Is Your Electrical System Compliant?

Posted on: 16 August 2017

People who are planning to buy an older home may be unsure whether the electrical system of that home meets the current electrical code requirements or whether it is outdated. This article discusses three simple ways that you can use to find out whether the electrical system is up to date without involving an expert.

The Grounding Conductor

Modern homes have a grounding conductor to protect the home and its occupants from electrical hazards such as shocks, which can result from a fault within an electrical system. This protective measure did not exist several decades ago. How can you be certain that the home you wish to buy has this feature? Check the wall sockets/receptacles. Wall outlets that have three prongs normally have a ground connection. Two-prong power outlets lack a ground conductor. You can go ahead and open one of the outlets in order to confirm that three wires are connected inside that receptacle.

Circuit Breakers

Outdated electrical systems rely on fuses to cut the power supply in case an anomaly such as an overload occurs. Modern homes have circuit breakers to perform that role. Fuses have several shortcomings that led to their abandonment in newer systems. First, they made system maintenance costly because one had to buy a replacement fuse each time the existing one was activated and blew. Secondly, it was very easy to replace the old fuse with another of a dissimilar capacity, since most of those fuses rated for domestic use could fit any circuit. This left the home exposed to electrical fires if bigger fuse was used to protect a circuit that could only handle a small electrical load. 
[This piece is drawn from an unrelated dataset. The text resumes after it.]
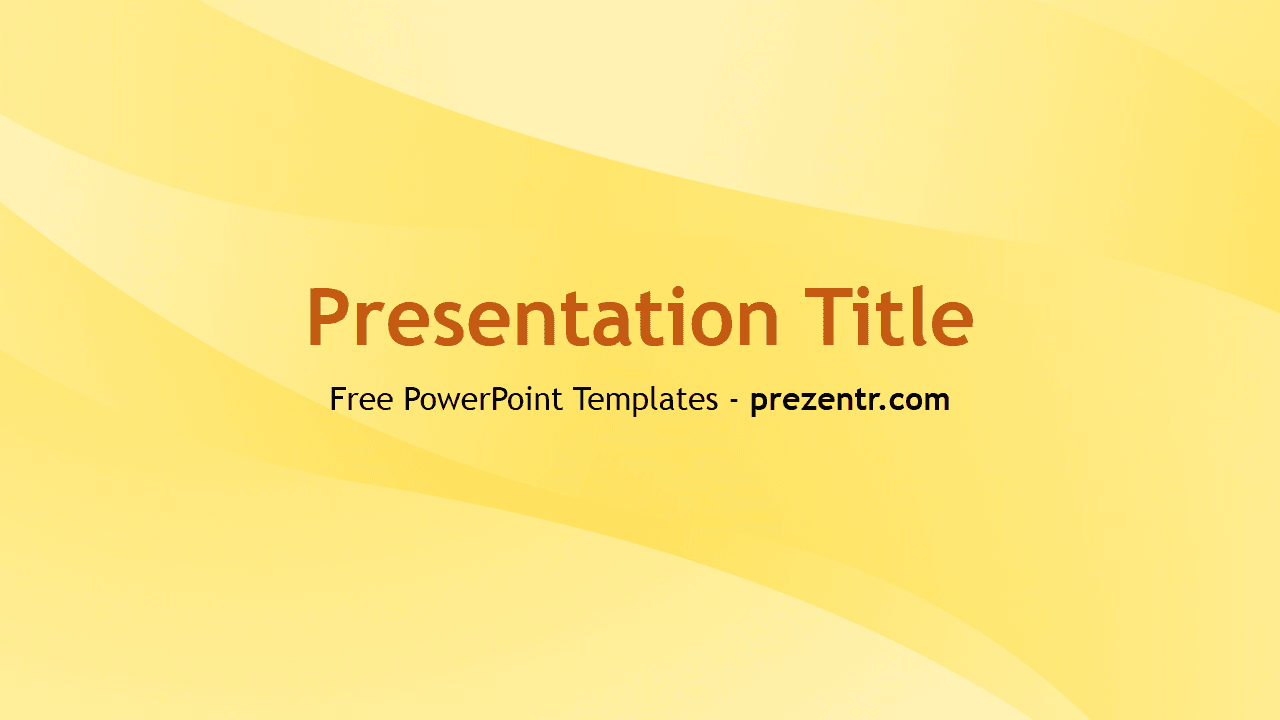 Yellow PowerPoint Template cover slide with diagonal design and red title text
Circuit breakers are a better option because one can reset the same breaker after it has tripped. Confirm the presence of a circuit breaker by opening the electrical panel of the home. Check for screw-in glass fuses that have a visible wire inside the glass. Breakers have an off and on position to signify whether the breaker has tripped or not.

Polarised Outlets

Modern appliances and electronics are very sensitive to the power supply running through them. It is therefore important to avoid making any errors when plugging cables into an outlet. Polarised outlets make this possible. One side of the outlet has a larger opening than the other side. This configuration matches the construction of polarised plugs on appliances. Outdated systems don't have these polarised outlets.

What should you do when you see one or more indicators of outdated electrical systems in that house that you want to buy? Talk to an electrical contractor about your concerns. That expert will check for other features of non-compliant electrical systems, such as aluminium wiring, before advising you about what steps will be needed to change the wiring so that you are protected from any risk caused by an outdated electrical system.